◆ **Material for this task**:
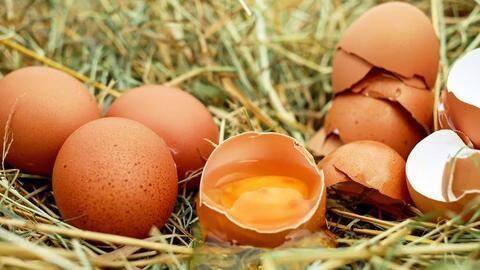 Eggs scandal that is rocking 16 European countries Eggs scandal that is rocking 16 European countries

==

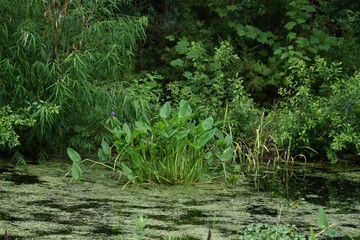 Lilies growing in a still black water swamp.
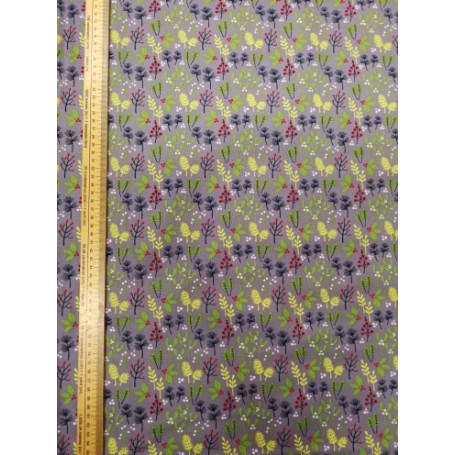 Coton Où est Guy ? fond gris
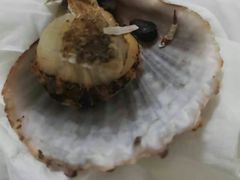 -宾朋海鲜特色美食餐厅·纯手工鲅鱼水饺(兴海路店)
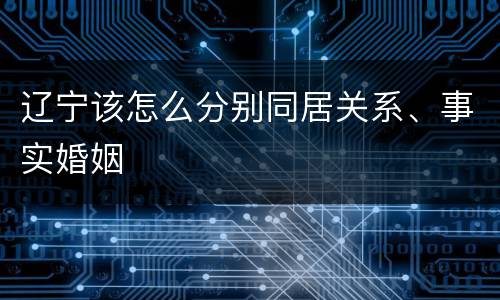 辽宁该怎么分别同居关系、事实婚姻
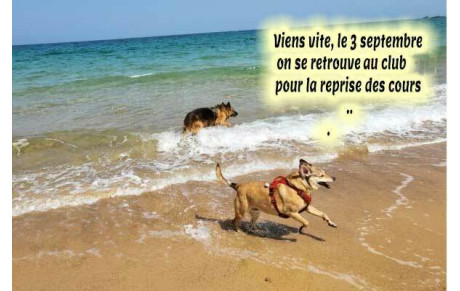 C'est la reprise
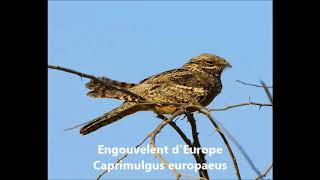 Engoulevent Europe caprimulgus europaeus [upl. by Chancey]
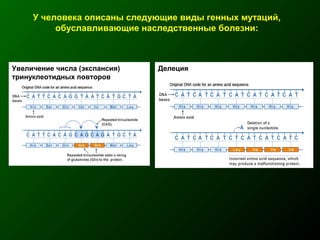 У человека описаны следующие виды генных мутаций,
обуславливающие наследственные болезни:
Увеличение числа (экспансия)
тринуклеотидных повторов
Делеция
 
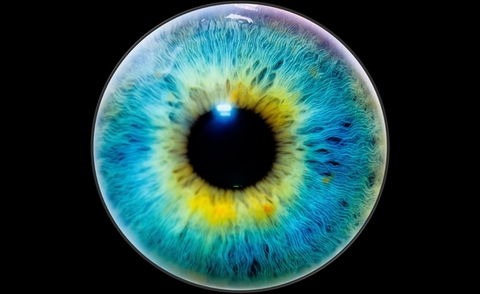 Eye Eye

==

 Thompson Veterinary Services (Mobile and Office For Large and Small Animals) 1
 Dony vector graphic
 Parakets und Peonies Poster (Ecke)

◆ **Work to be completed**:
Among the records above, extract exactly the lines from the line with "Dony vector graphic" to the line with "Parakets und Peonies Poster (Ecke)", both lines included, and leave out the rest.

◆ **Reply**:
 Dony vector graphic
 Parakets und Peonies Poster (Ecke)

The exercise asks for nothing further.